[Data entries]
━━━━━━━━

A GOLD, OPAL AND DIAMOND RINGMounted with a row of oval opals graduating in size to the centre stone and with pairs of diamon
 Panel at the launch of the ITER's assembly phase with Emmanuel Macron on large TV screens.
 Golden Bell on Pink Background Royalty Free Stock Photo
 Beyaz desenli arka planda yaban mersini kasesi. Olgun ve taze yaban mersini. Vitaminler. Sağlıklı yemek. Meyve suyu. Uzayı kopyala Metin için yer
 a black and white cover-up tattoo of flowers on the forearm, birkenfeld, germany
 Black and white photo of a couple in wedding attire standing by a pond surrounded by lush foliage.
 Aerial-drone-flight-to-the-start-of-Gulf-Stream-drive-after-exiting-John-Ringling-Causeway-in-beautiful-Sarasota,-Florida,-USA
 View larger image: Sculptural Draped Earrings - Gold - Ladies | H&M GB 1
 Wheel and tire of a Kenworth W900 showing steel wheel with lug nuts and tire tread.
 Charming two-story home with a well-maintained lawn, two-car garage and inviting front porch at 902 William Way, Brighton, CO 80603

━━━━━━━━

PROBLEM DETAILS:
Determine how many of the lines above include the word "with", then give that number and nothing else.

FINAL ANSWER:
4